Aandachtspunten bij het beoordelen van dit criterium zijn:

  • de (vernieuwende) wijze waarop de aanvrager zich inspant om jeugd in aanraking te brengen met en/of actief te betrekken bij de activiteiten omschreven in het meerjarig bedrijfsplan.

  • de manier waarop de aanvrager en de activiteiten omschreven in het meerjarig bedrijfsplan organisatorisch en (artistiek-)inhoudelijk aansluiten bij de leefwereld van de jeugd.

  • de mate waarin en de wijze waarop de aanvrager aandacht besteedt aan cultuureducatie en/of talentontwikkeling, en de samenwerking met scholen, opleidingen en buitenschoolse aanbieders.

  • de wijze waarop de aanvrager actieve betrokkenheid, co-creatie en/of participatie van het brede publiek en/of deelnemers realiseert.

 

Criterium 4 – Meerwaarde voor het culturele ecosysteem

De aard en de activiteiten en de rol van de aanvrager dienen bij te dragen aan het versterken en bestendigen van het culturele ecosysteem van Maastricht.

 

Aandachtspunten bij het beoordelen van dit criterium zijn:

  • de beschrijving van de rol die de aanvrager vervult binnen het lokale en/of regionale culturele ecosysteem en de toegevoegde waarde daarvan.

  • de mate waarin en de wijze waarop de aanvrager en de activiteiten omschreven in het meerjarig bedrijfsplan bijdragen aan het versterken en bestendigen van het culturele ecosysteem van Maastricht.

  • de wijze waarop en mate waarin er sprake is van wederkerige samenwerking met andere lokale partijen, zowel binnen als buiten het culturele ecosysteem.

  • de mate waarin opgebouwde kennis en ervaring van de aanvrager overdraagbaar is en als voorbeeld of inspiratie kan dienen voor andere partijen binnen het culturele ecosysteem.

 

Criterium 5 – Gezonde bedrijfsvoering

Een aanvrager moet bedrijfsmatig en financieel op orde zijn, beschikken over professionele organisatiekracht en (financiële) continuïteit kunnen waarborgen.

 

Aandachtspunten bij het beoordelen van dit criterium zijn:

  • de organisatorische kwaliteit en de aanwezigheid van zakelijke kennis als basis voor het realiseren van de activiteiten omschreven in het meerjarig bedrijfsplan.

  • de uitvoerbaarheid van het meerjarig bedrijfsplan in werkwijze, planning, personele organisatie en omvang van de organisatie (en eventuele externe uitvoerenden).

  • de financiële uitgangspositie van de aanvrager en de mate waarin de meerjarenbegroting inclusief het dekkingsplan inzichtelijk, realistisch en passend is bij de activiteiten omschreven in het meerjarig bedrijfsplan.

  • de haalbaarheid van een passende financieringsmix en de visie van de aanvrager op het omgaan met risico’s zoals tegenvallende inkomsten.
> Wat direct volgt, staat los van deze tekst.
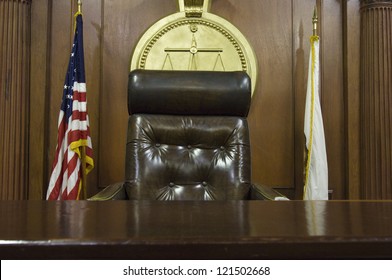 Chair Of Judge And Flags In Empty Courtroom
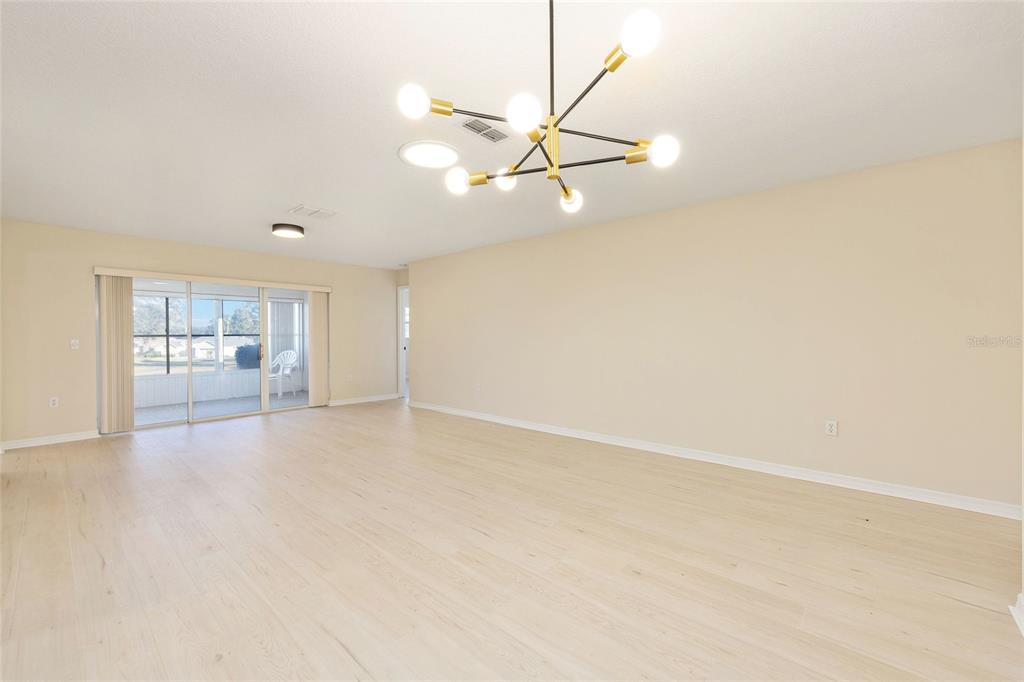 17549 Southeast 115th Terrace Road Summerfield, FL 34491 - Photo 18 of 56 a view of empty room with wooden floor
  • de omschrijving waaruit blijkt dat de aanvrager de Governance Code Cultuur, de Fair Practice Code en de Code Diversiteit & Inclusie onderschrijft en binnen de eigen mogelijkheden toepast.

 

Bijlage 2  

 

Beoordelingswijze

Per criterium wordt een beoordeling gegeven die wordt vertaald in een waardering. Er wordt gebruik gemaakt van de cijfers tussen 1 (onvoldoende) en 20 (zeer goed) en conform onderstaande toelichting toegepast. De waardering staat op zichzelf; aanvragen worden bij het beoordelen niet met elkaar vergeleken.

 

Waardering

Cijfer

Toelichting

Zeer goed

20

Positief; er zijn geen punten van kritiek.

Goed

18

Positief; er zijn bijna geen punten van kritiek.

Ruim voldoende

14

Positief; al zijn er ook enkele punten van kritiek.

Voldoende

12

Al met al positief; er zijn meerdere punten van kritiek maar de positieve elementen hebben nipt de overhand.

Zwak

6

Onder de maat; er zijn enkele positieve elementen maar de punten van kritiek hebben de overhand.

Onvoldoende

1

Er zijn (nagenoeg) geen positieve elementen te benoemen.